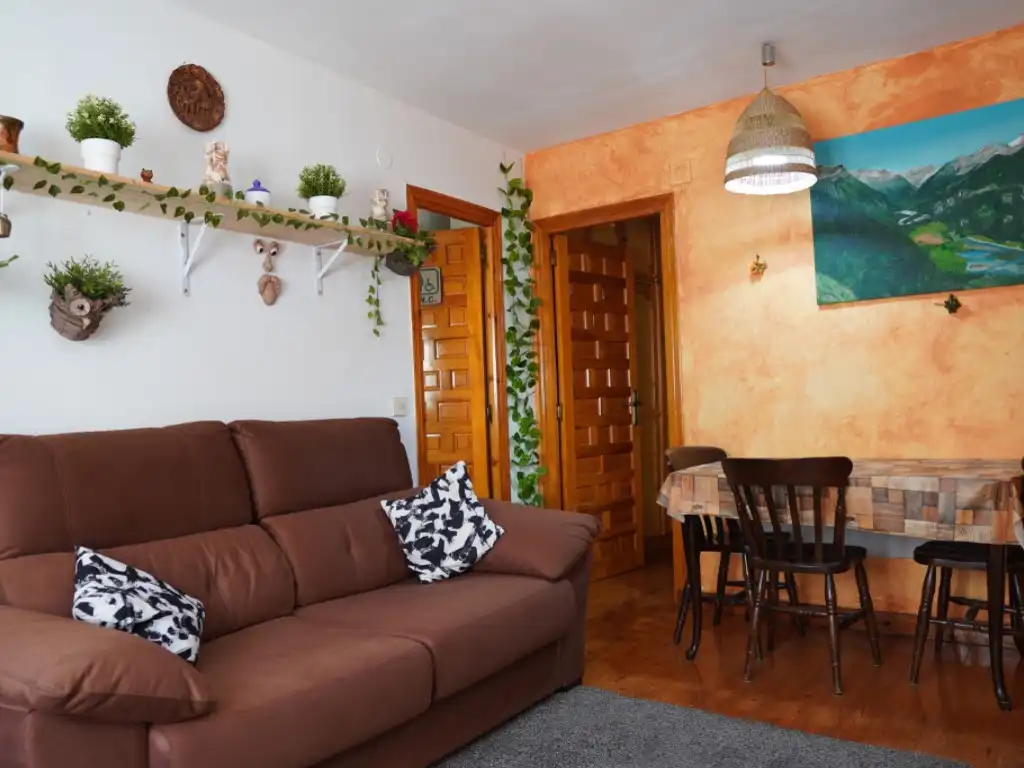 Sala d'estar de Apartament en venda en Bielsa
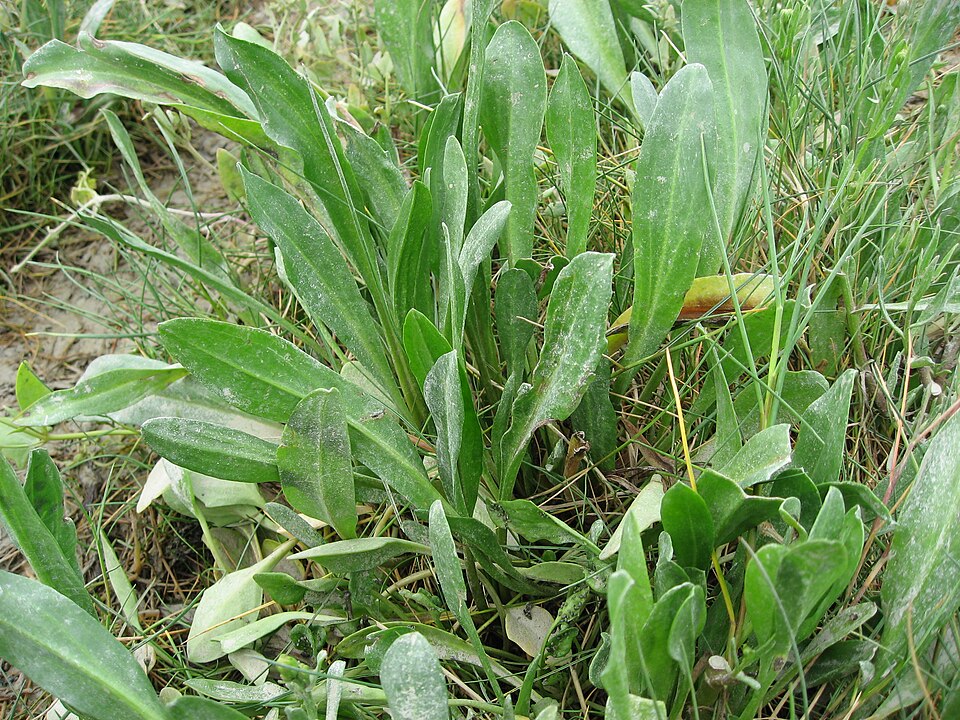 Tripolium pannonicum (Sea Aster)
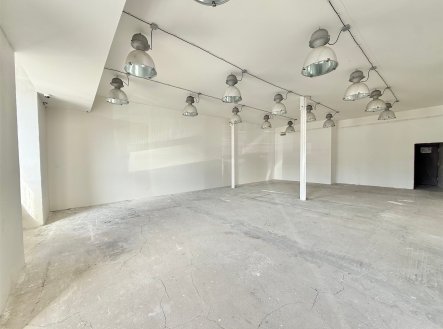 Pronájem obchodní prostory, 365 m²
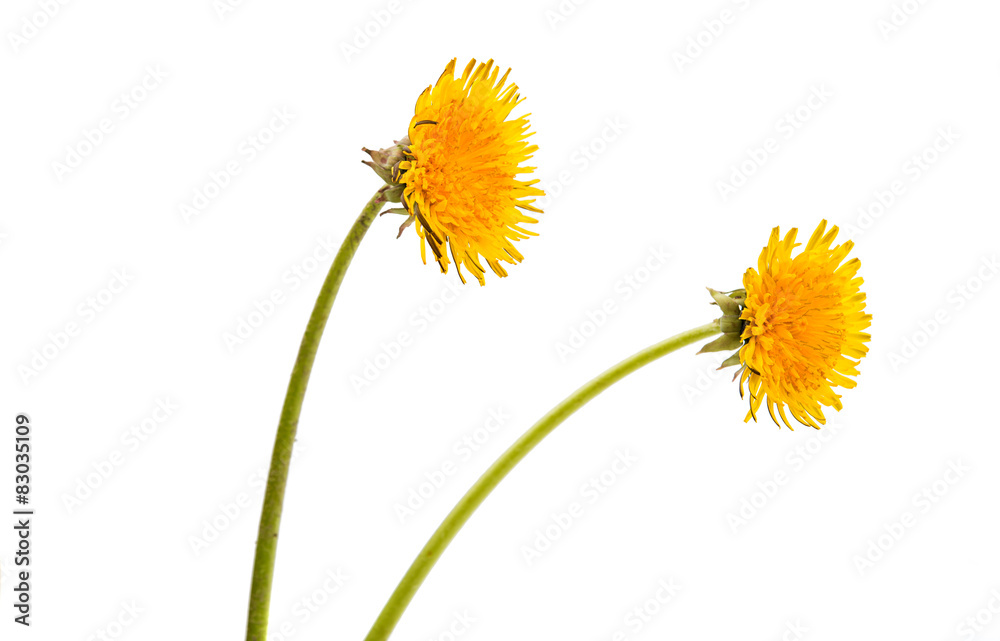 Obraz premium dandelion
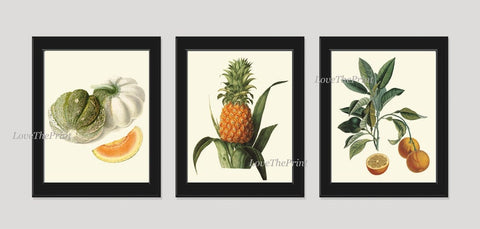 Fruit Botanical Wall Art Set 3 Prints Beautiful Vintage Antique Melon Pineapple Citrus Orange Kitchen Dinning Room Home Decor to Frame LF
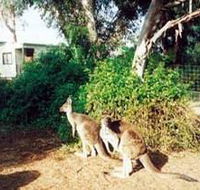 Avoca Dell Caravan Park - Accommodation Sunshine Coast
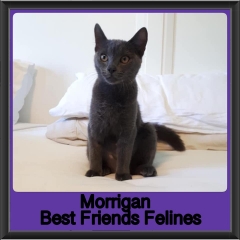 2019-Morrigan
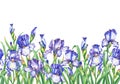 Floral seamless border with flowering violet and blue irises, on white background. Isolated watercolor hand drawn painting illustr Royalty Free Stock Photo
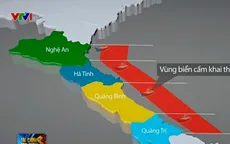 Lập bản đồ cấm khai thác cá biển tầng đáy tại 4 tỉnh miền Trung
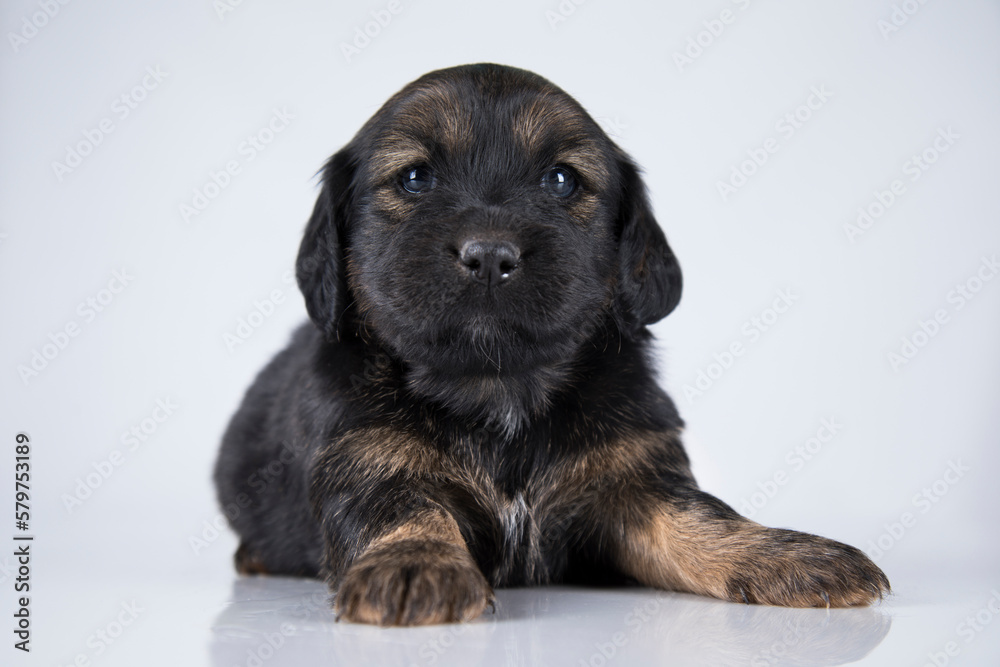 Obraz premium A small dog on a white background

...

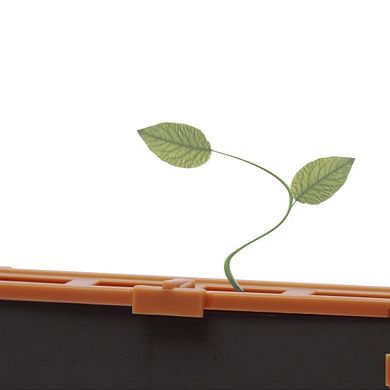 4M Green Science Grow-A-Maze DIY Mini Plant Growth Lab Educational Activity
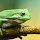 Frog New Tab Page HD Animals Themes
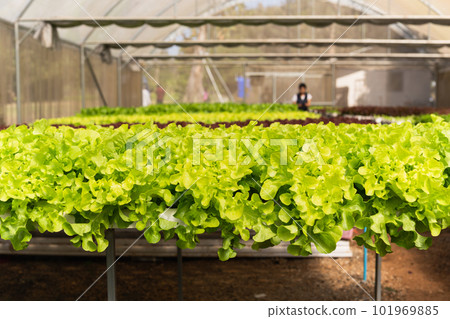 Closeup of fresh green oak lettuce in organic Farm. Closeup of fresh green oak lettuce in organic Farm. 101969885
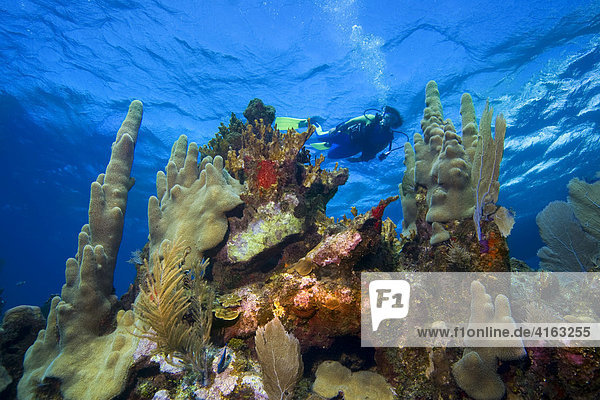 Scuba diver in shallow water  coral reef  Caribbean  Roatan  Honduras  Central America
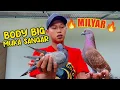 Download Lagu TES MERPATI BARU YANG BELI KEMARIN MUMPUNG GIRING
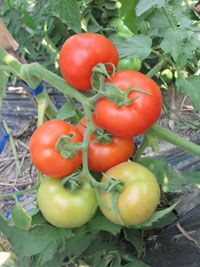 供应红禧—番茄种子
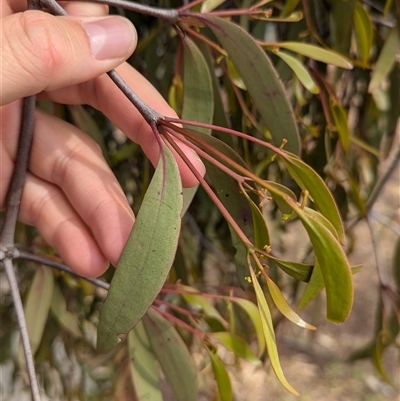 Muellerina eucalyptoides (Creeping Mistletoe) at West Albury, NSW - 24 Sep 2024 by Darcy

■ What to do
What should come back is an exact copy of the lines above from the line with "Tripolium pannonicum (Sea Aster)" to the line with "Obraz premium A", both included, minus the pictures.

■ Exercise result
 Tripolium pannonicum (Sea Aster)
 Pronájem obchodní prostory, 365 m²
 Obraz premium dandelion
 Fruit Botanical Wall Art Set 3 Prints Beautiful Vintage Antique Melon Pineapple Citrus Orange Kitchen Dinning Room Home Decor to Frame LF
 Avoca Dell Caravan Park - Accommodation Sunshine Coast
 2019-Morrigan
 Floral seamless border with flowering violet and blue irises, on white background. Isolated watercolor hand drawn painting illustr Royalty Free Stock Photo
 Lập bản đồ cấm khai thác cá biển tầng đáy tại 4 tỉnh miền Trung
 Obraz premium A small dog on a white background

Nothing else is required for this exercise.